### YOUR GOAL
Starting at the top of the entries, restate word for word each line up to and including the one with "Cigarillos and Brandy: A".
──────────
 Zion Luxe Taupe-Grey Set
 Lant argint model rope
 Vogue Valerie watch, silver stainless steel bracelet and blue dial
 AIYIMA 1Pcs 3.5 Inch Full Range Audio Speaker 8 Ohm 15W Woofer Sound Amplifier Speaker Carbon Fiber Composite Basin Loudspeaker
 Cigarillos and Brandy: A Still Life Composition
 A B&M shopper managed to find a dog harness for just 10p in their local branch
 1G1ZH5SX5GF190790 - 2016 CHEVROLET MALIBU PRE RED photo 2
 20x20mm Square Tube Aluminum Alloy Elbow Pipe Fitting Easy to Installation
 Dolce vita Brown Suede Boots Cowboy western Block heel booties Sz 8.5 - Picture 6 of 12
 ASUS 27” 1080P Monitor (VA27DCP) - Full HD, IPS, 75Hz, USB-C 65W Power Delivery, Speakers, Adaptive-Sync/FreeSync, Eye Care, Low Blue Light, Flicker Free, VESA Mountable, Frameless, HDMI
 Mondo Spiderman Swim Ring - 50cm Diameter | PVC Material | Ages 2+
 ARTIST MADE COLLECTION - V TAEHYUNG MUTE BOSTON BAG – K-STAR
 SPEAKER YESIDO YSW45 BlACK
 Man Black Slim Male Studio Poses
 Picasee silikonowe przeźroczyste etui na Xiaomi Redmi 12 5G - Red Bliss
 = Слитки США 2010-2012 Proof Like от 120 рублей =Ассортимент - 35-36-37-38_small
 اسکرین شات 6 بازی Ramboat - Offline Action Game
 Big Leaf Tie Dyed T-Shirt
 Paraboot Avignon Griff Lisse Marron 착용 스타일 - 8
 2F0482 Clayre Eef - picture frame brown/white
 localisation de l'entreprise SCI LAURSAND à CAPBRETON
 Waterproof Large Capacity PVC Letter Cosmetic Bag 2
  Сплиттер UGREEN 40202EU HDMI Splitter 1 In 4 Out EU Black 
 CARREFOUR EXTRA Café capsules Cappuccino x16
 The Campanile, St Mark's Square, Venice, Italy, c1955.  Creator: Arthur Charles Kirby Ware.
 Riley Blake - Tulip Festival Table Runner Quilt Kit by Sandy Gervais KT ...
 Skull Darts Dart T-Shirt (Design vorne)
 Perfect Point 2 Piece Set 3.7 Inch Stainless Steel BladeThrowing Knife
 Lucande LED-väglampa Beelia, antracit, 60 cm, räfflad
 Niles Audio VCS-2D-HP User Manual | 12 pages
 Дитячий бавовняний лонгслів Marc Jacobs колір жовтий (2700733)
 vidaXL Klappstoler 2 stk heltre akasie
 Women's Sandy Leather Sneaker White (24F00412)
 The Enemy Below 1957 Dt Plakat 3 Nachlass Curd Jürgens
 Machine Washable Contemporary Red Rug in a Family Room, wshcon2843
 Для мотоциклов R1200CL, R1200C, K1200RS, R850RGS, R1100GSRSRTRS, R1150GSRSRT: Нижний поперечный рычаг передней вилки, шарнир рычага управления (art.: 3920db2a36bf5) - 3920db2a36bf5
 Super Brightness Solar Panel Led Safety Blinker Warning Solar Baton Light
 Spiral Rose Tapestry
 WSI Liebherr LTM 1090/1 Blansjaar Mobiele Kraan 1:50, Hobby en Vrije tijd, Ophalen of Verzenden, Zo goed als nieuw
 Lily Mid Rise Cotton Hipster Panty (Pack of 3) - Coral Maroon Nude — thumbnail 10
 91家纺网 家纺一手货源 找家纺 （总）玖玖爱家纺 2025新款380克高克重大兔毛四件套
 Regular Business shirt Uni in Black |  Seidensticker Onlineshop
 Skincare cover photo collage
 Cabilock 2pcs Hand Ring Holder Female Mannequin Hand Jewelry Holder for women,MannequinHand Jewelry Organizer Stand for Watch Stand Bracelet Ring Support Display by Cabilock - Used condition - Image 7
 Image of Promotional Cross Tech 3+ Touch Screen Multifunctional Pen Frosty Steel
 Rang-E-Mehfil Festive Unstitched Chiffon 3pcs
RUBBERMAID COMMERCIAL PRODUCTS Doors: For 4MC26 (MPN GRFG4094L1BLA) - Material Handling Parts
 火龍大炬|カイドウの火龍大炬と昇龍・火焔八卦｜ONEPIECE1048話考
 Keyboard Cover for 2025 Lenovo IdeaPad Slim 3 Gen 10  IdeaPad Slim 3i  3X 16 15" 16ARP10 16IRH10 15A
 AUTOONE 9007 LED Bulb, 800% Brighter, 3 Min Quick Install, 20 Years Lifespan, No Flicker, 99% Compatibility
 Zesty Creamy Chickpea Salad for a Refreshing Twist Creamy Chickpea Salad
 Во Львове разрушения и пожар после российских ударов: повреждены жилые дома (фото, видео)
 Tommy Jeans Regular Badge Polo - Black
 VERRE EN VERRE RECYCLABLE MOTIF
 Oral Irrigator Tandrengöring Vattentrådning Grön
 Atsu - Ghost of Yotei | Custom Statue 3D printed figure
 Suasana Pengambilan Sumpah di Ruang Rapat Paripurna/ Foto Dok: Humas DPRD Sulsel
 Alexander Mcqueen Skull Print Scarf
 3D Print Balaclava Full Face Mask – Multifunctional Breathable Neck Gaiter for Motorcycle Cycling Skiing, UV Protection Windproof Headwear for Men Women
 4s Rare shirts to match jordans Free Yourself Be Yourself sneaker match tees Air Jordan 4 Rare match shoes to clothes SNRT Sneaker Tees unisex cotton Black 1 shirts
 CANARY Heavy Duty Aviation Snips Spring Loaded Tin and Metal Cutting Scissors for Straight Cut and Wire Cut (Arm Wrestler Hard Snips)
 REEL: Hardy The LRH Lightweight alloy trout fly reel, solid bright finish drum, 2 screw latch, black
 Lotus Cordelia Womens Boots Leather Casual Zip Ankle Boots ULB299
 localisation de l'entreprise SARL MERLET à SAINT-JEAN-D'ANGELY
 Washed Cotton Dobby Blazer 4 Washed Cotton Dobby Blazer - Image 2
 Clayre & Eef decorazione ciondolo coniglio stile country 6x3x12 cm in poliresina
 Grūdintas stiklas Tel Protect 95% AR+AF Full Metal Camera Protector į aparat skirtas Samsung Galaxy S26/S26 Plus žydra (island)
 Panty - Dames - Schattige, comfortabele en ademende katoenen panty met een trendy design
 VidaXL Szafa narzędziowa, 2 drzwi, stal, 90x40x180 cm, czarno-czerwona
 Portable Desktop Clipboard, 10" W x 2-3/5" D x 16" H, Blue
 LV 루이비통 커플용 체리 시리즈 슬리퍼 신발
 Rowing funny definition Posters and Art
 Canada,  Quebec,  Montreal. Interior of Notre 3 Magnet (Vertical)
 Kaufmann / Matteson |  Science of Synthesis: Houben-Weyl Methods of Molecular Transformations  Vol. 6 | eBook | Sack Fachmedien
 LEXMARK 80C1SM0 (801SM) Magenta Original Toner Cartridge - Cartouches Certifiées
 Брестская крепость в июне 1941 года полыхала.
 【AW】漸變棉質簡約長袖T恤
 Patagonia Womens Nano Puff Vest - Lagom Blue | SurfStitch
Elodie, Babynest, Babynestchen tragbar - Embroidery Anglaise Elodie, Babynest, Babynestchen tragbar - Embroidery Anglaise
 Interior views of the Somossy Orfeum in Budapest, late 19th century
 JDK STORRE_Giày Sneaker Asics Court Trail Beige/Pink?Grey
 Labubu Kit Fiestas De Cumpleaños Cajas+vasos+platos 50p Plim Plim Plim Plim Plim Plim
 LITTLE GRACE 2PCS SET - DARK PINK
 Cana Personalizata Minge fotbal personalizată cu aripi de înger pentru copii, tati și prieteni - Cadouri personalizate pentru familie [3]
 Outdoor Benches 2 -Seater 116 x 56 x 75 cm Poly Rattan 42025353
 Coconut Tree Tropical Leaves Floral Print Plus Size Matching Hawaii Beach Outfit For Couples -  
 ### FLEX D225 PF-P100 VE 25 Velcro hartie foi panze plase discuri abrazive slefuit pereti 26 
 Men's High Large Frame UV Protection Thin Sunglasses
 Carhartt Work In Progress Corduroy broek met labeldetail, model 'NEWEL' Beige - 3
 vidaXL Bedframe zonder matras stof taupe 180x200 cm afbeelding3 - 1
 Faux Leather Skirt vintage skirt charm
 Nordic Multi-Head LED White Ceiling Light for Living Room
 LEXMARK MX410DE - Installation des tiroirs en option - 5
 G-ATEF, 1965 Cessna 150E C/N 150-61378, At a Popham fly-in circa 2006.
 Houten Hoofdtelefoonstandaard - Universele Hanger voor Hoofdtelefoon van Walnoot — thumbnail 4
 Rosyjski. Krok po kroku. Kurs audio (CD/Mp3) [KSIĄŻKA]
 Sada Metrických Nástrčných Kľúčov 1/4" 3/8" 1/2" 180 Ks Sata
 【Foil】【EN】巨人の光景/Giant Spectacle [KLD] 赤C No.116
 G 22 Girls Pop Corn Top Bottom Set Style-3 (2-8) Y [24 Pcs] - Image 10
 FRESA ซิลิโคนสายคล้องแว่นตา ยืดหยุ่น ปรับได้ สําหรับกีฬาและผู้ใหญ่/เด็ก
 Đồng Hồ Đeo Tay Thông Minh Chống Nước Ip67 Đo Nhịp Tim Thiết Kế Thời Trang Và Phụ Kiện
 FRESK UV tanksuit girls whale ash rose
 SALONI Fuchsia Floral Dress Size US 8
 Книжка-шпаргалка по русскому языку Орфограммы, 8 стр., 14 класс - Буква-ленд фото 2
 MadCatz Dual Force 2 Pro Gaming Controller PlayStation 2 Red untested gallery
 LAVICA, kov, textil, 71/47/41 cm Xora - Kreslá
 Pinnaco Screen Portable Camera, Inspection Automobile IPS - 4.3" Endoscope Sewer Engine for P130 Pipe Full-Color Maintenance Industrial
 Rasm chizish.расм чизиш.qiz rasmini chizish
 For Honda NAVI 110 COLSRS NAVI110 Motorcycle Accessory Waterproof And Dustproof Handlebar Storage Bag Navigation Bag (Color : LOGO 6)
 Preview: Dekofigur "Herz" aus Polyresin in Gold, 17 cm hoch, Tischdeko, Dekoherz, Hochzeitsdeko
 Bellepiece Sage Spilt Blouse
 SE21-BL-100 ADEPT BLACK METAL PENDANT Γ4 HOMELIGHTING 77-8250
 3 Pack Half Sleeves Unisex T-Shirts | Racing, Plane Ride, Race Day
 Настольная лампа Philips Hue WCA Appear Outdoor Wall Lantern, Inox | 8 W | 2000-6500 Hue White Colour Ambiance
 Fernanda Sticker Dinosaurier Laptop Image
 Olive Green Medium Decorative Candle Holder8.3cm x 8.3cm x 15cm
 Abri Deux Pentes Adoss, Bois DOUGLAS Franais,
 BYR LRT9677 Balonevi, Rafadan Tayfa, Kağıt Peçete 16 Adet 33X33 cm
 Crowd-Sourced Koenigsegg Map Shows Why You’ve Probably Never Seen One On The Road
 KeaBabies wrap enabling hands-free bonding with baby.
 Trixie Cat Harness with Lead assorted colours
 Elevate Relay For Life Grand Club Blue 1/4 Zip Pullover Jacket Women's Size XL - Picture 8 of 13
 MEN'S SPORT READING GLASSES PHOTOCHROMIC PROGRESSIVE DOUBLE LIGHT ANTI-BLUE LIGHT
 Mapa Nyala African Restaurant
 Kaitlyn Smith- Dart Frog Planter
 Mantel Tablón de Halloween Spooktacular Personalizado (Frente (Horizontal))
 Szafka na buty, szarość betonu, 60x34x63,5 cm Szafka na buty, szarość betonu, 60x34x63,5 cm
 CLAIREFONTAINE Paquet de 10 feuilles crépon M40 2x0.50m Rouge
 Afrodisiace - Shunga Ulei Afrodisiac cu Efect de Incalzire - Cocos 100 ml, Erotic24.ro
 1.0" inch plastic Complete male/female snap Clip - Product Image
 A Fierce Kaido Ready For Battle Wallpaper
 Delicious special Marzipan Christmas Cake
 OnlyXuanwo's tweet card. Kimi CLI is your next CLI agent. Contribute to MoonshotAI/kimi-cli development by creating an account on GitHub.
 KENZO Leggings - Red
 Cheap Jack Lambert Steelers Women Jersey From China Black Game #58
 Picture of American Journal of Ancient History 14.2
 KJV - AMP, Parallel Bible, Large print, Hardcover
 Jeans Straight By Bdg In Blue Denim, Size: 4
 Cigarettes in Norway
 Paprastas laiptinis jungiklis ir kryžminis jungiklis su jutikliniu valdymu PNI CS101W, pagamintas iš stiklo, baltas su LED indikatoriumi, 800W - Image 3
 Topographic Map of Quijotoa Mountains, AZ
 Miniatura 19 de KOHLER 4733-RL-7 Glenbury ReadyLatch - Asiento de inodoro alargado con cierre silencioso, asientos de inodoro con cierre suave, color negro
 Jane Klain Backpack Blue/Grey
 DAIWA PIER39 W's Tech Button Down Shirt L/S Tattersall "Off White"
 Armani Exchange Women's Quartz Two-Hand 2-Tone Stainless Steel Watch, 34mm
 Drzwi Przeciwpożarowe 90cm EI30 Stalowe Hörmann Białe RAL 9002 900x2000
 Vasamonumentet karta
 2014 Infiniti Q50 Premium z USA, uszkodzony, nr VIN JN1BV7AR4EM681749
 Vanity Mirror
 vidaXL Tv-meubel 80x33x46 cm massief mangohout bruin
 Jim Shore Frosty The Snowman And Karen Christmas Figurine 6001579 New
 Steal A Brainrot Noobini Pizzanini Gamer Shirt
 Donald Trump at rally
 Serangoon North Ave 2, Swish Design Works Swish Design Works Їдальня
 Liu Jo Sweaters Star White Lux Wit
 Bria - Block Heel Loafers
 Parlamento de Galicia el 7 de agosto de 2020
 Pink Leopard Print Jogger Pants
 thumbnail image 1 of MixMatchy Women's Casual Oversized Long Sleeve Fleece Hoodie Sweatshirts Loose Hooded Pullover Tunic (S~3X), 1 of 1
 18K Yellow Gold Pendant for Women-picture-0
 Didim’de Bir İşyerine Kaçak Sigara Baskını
──────────
### TASK ANSWER
 Zion Luxe Taupe-Grey Set
 Lant argint model rope
 Vogue Valerie watch, silver stainless steel bracelet and blue dial
 AIYIMA 1Pcs 3.5 Inch Full Range Audio Speaker 8 Ohm 15W Woofer Sound Amplifier Speaker Carbon Fiber Composite Basin Loudspeaker
 Cigarillos and Brandy: A Still Life Composition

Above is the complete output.